Chinese Drywall Update:
Nearly three years after complaints about contaminated Chinese-made drywall first surfaced in Florida, a court-ordered pilot remediation program for homes built with the defective material is about to get underway in Florida, Alabama, Mississippi, and Louisiana, according to press reports. When work crews showed up Monday to start removing the Chinese drywall from Eleanor Aguilars three-story Lauderhill townhouse, the South Florida Sun-Sentinel reported, she insisted on swinging the first sledgehammer. (Lauderhill home first in nation to get drywall fix as part of pilot program, by Paul Owers) Fort Lauderdale general contractor Moss Associates, Floridas seventh-largest construction firm, was selected in October, 2010, to oversee the gut-and-replacement work on the 300 houses enrolled in the pilot program. According to a report in the South Florida Business Journal, Moss expects to hire dozens of subcontractors to perform the work ( Moss hiring subcontractors for Chinese drywall work, by Paul Brinkmann). The companys formal contract is only for the 300-home pilot program, the Business Journal reports, but Moss is already gearing up for the possibility of completing thousands of home repairs. In related news, Federal Judge Eldon Fallon has denied a motion by several insurance companies to dismiss the Chinese drywall cases against them in the Multi-District Litigation proceedings in New Orleans federal court. Business Insurance has that story ( Insurers motions for dismissal in Chinese drywall litigation denied, by Jeff Casale). Insurance companies had argued to be let off the hook for two different reasons: One, that subcontractors had not been joined to the cases; and two, that a New Orleans court should not have jurisdiction because the companies were not doing business in Louisiana. Fallon did allow one insurance company out of the case because of the jurisdictional issue, but on the question of the subcontractors, Fallon ruled against the insurers. Fallons Order and Reasons on the jurisdiction issue ( Document 7356), and his Order and Reasons on the subcontractor issue ( Document 7357) are posted online.

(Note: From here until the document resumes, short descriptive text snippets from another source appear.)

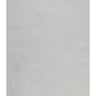 LALEE LALEE SOFT TOUCH 700 HALI IVORY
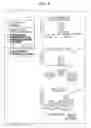Fig. 07 - DISPLAY APPARATUS AND NON-TRANSITORY COMPUTER READABLE MEDIUM STORING PROGRAM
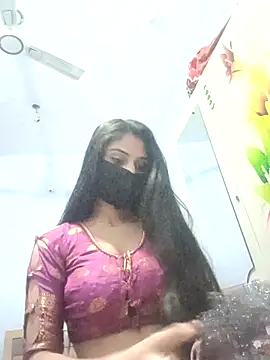 Snapshot of Hot-Soniya733 chatting on October 28, 7:38 pm Hot-Soniya733 online show from October 28, 7:38 pm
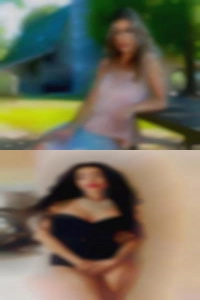 Ladytkes_66 women like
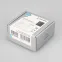 INTELLIGENT ARLIGHT Панель DALI-223-4G-DIM-IN-BLACK (BUS) | 029245 | Arlight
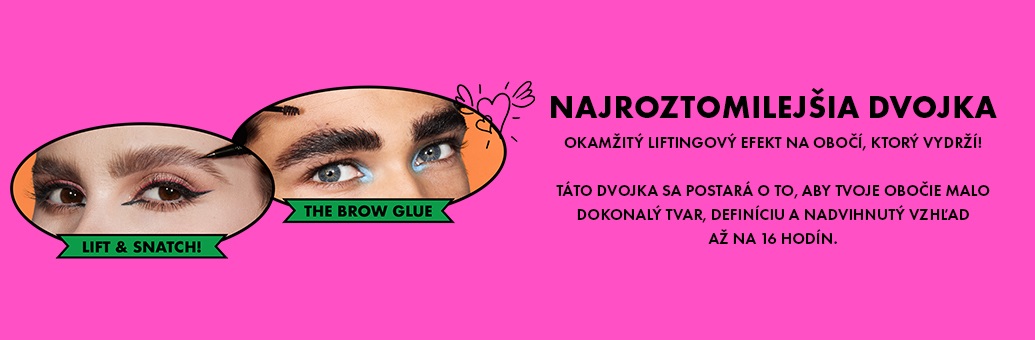 NYX_make_MakeUp_BrowGlue_BrowSchool_Landing_page_Notino_Desktop_2025_SK
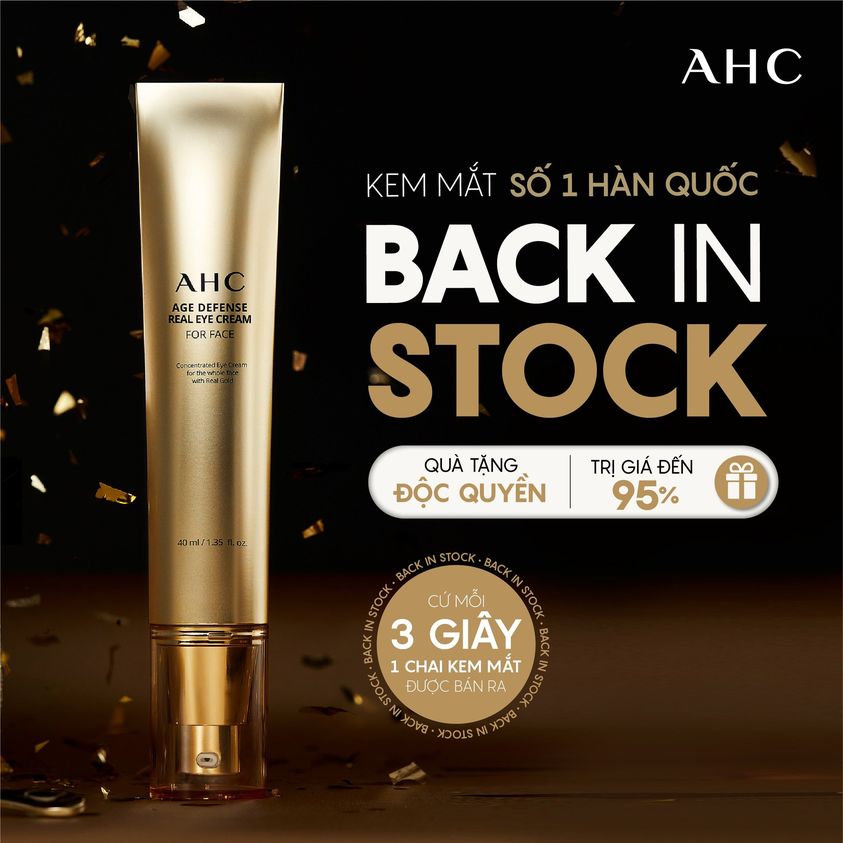 AHC Back in Stock KEM MẮT SỐ 1 HÀN QUỐC ĐÃ SẴN SÀNG.jpg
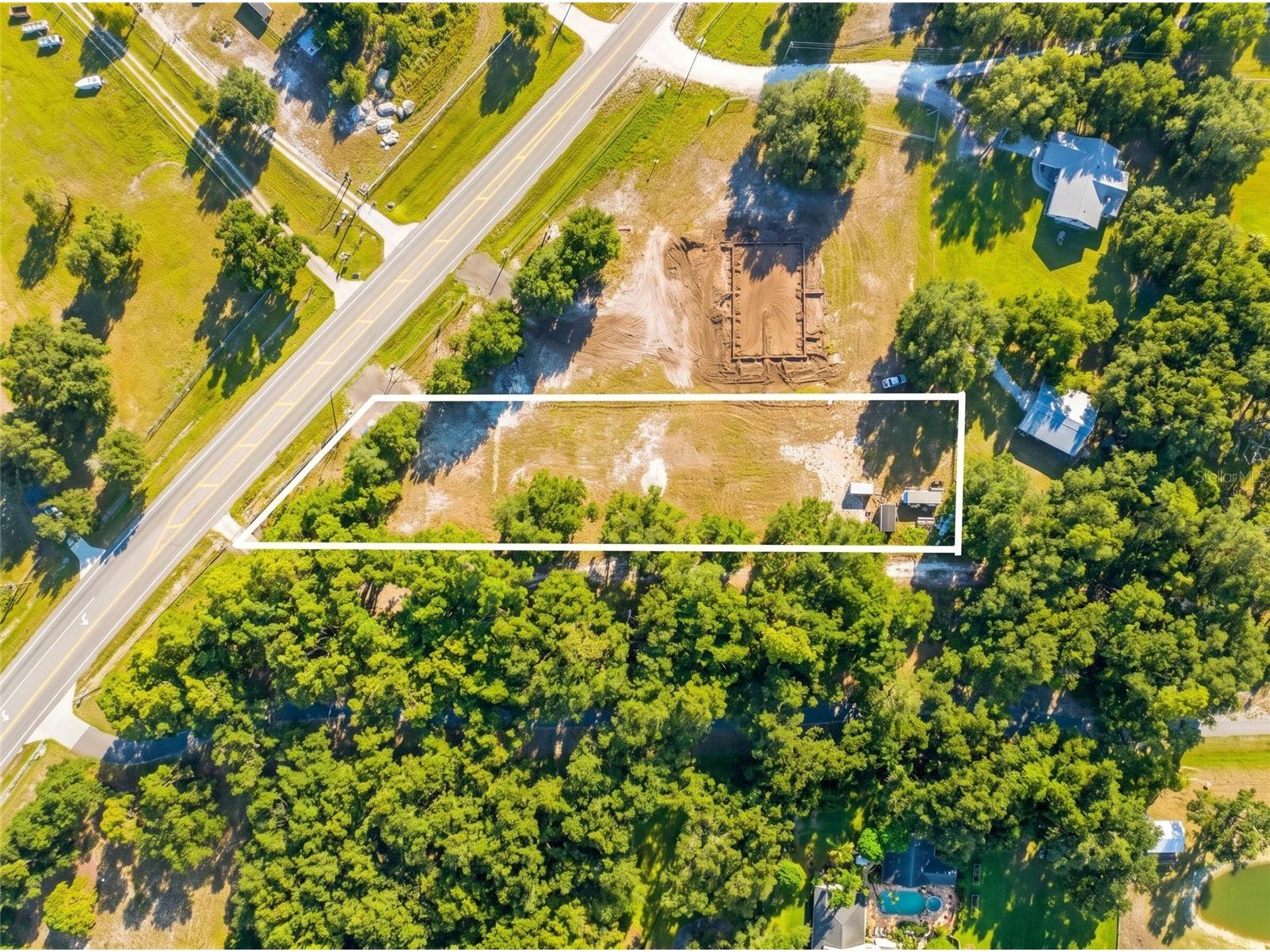 15580 County Road 675 Parrish FL 34219 A4698235 image15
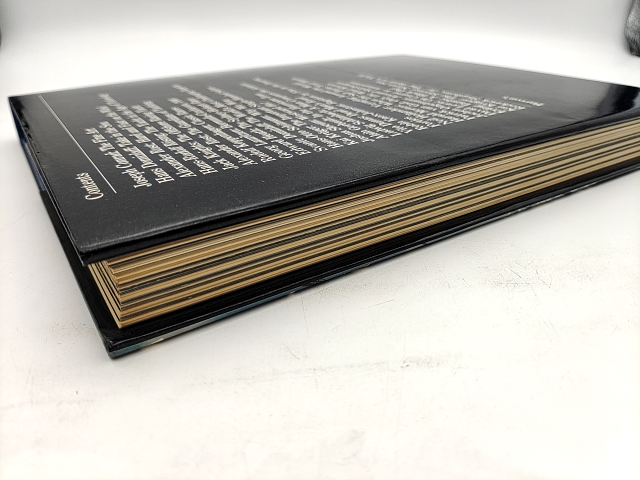 The Big Book Of Sailing: The Sailors, The Ships, And The Sea by Frank Grube by Frank Grube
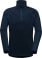 Mammut Snow ML Half Zip, flísová mikina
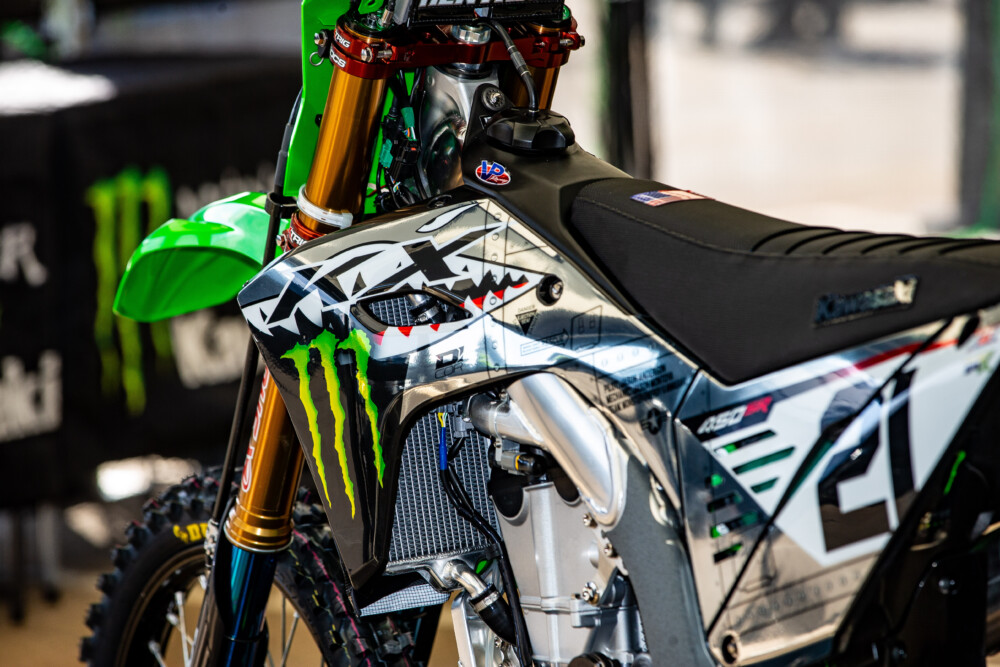 2025-arlington-supercross-cycle-news-kawasaki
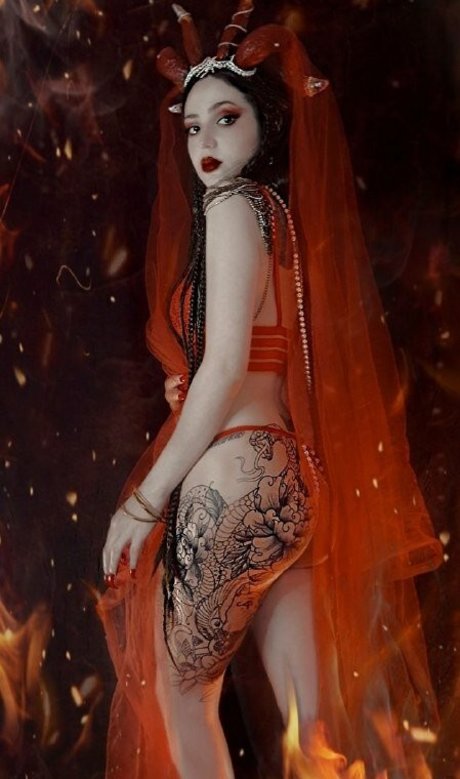 Siddharta xxx star photos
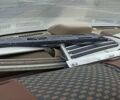 Бежевый Самсунг СМ5, объемом двигателя 1.8 л и пробегом 200 тыс. км за 1800 $, фото 7 на Automoto.ua
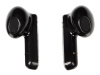 Беспроводные наушники TWS wireless Sync, черный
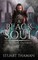 A Black Soul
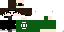 Texture for Captainbluto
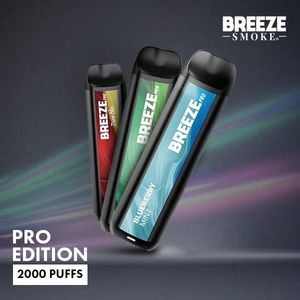 DISPOSABLE VAPES | Delivery Near You  DoorVenza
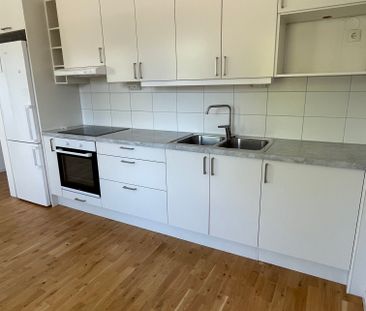 Astrabacken, Södertälje - Foto 3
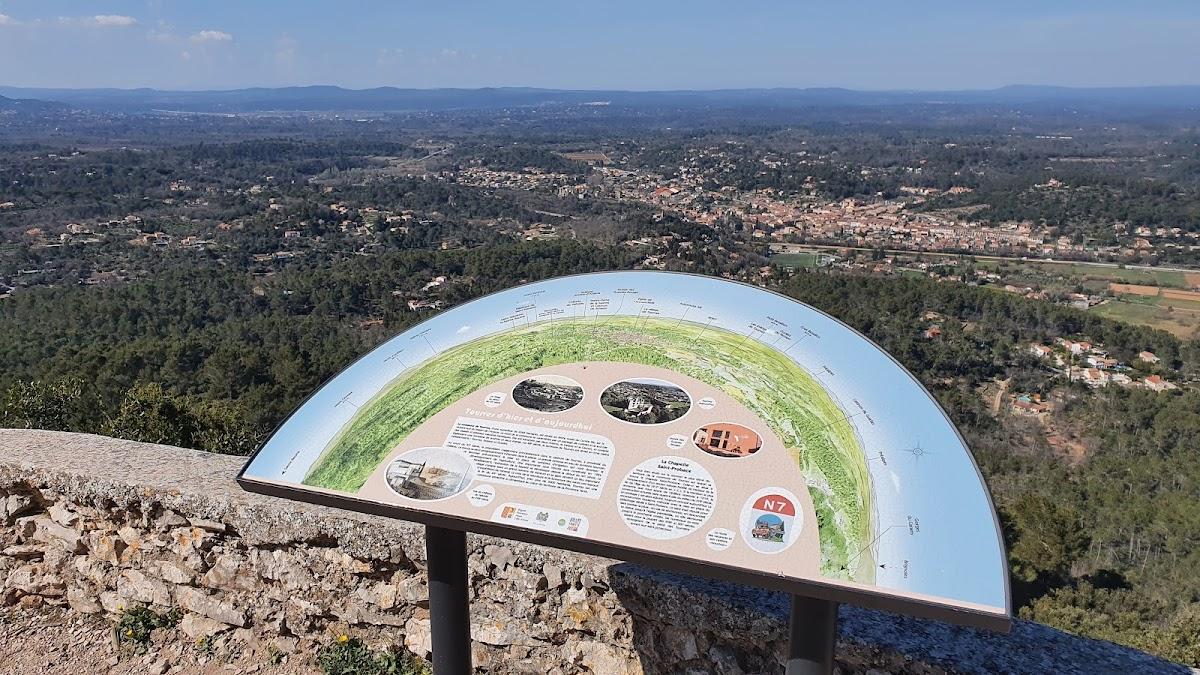Hôte GreenGo: Relais équestre de la Chevalière Sauvage : l'étape idéale pour cavaliers en Provence Verte - Image 14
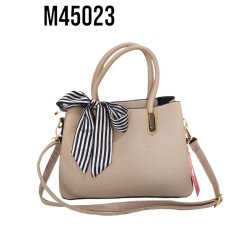 Cartera Femenina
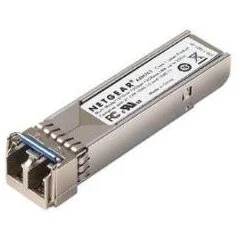 NetGear AXM763 NetGear AXM763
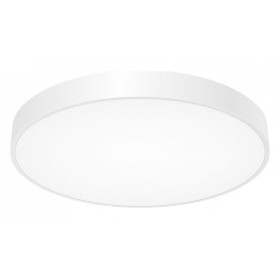 Накладной светильник Citilux Купер CL724105G0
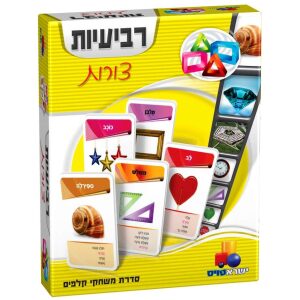 לוטו ענק לוטו ענק
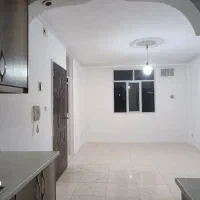 38متر شیک خوش نقشه سبلان شمالی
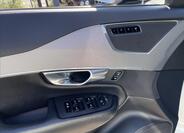 Volvo XC90 42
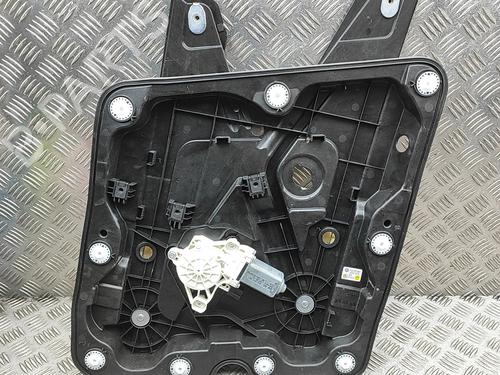 Used Front right window mechanism Front right window mechanism SKODA ENYAQ iV SUV (5AZ) 80 (204 hp) 33378743 33378743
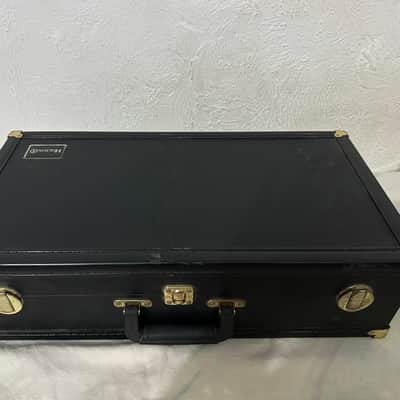 Holton Trumpet Case image 2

The subcontractor insurance issue, in particular, could end up being important both to homeowners and to builders. Unlike Knauf Tianjin, which is participating in the 300-home pilot remediation and will probably end up paying to remediate all the homes containing its product, some all-Chinese companies have refused to honor the U.S. courts jurisdiction at all. For homeowners whose houses contain those products, turning to the builders and the subcontractors could be their only recourse. And subcontractor insurance policies may be easier to tap than builder liability policies meaning that subcontractor insurers might end up being the last deep-pocket defendant left on the hook when its time to pay for repairs.